This presentation by Andy Le May was made at the third Bold City mini-conference hosted at The Bank on Harrington Street. Read more here.
Speaker: Andy Le May – Founder and Director of Icologie
Topic: Electric Future
Andy Le May presented on the possibility and the viability of a transport future dominated by electric vehicles. The long-standing and dominant issue with electric vehicles is in how to repower electric vehicles or EV. In a world where coal and non-renewal energy sources are dominating most countries power generation, rising prices and resource scarcity will become a more pertinent issue in the near future for our burgeoning urban populations. Andy Le May, while careful to point out that currently EVs are not without emissions due to current electricity sources, these emissions would cease in a world dominated by renewable energy such as solar, wind and hydropower. The costs of renewable energy sources are now comparable as if not more affordable than traditional coal and nuclear power where decommissioning costs are often not factored into the commissioning costs of new plants. Countries such as Germany are leading the way in renewable energy policy through their feed in tariffs which generate 29 giga watts per annum. This is enormous considering that South Africa’s energy use is currently 40 gigawatts per annum according to Andy.

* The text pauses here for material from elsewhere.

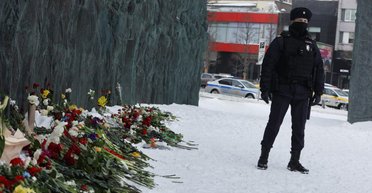 Не трогают только пенсионеров: в РФ после смерти Навального начались задержания (фото)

Vehicular technology is also advancing to a level that will soon outperform traditionally fuelled vehicles and are quickly rising in market popularity. Car manufacturers such as Mercedes, BMW and Nissan have developed impressive EV technology that will no doubt soon dominate the market as fuel prices continue to rise and renewable energy becomes more affordable and mainstream. Any Le May explains that the future of smart grids allows us to avoid peaks in energy demand by feeding electricity back into the grid from EVs during peak times drawing back again off peak. This simple but effective solution might be the answer to power shedding and pave the way to renewal energy advances in South Africa.